Fluorescein sodium can induce serious intolerance reactions. These reactions of intolerance are always unpredictable but they are more frequent in patients who have previously experienced an adverse reaction after fluorescein injection (symptoms other than nausea and vomiting), in patients with history of allergy such as food or drug induced urticaria, asthma, eczema, allergic rhinitis or in patients with history of bronchial asthma. The benefit of the fluorescein angiography should be balanced with the risk of severe hypersensitivity reactions (with fatal outcome in some cases). Intradermal skin tests have limited predictive value for serious intolerance reactions to Fluorescein. Fluorescein intolerance reactions can occur following a negative intradermal skin test. The benefit to risk of the angiography procedure should also be considered in patients with pre-existing conditions such as cardiovascular disease, diabetes mellitus, and multiple concomitant drug therapies (in particular beta-blockers, see Interactions). Literature suggests Fluorescein Angiography (FA) may cause contrast-induced Nephropathy (CIN) based on increased serum creatinine. CIN is a possible risk factor for end-stage renal disease progression.
Detailed questioning of each patient must be carried out before the angiography to evaluate any prior history of cardiopulmonary disease or allergy or concomitant medications (see Interactions).

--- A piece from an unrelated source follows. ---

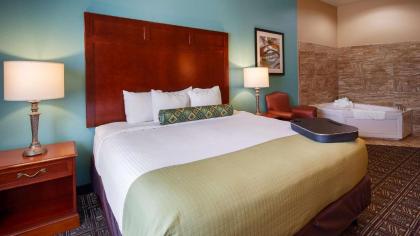 Best Western Plus Monahans Inn and Suites - image 15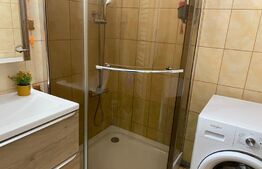 Apartament de 1 camera, 35 mp, mobilat, zona Bularga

The risk of hypersensitivity reactions with fluorescein sodium requires: Fluorescein should only be administered in facilities with personnel trained in resuscitation and with appropriate material and equipment for emergency resuscitation. Patients should be given a 2nd intravenous line, allowing volume therapy and the intravenous injection of adrenaline and other standard resuscitation drugs (see Interactions).
Close monitoring of the patient by the ophthalmologist performing the examination, throughout the examination and for at least 30 minutes thereafter; Maintaining the infusion line for at least 5 minutes, to treat a possible severe adverse reaction without delay; In addition, in patients identified as being at risk of hypersensitivity reactions, but in whom a fluorescein angiography is considered to be essential, it is recommended to carry out the procedure with the equipment and personnel trained in emergency resuscitation in the treatment room.
Extravasation should be avoided due to the high pH of fluorescein solution which can result in severe local tissue damage (severe pain in the arm for several hours, sloughing of the skin; superficial phlebitis). The correct intravenous position of the needle tip must be ascertained. When extravasation occurs, the injection should be immediately discontinued. Appropriate measures must be taken to treat damaged tissue and to relieve pain.
Effects on Ability to Drive and Use Machines: The patient must be made aware that after application and until visual acuity returns to normal, driving a vehicle or operating dangerous machinery is not recommended.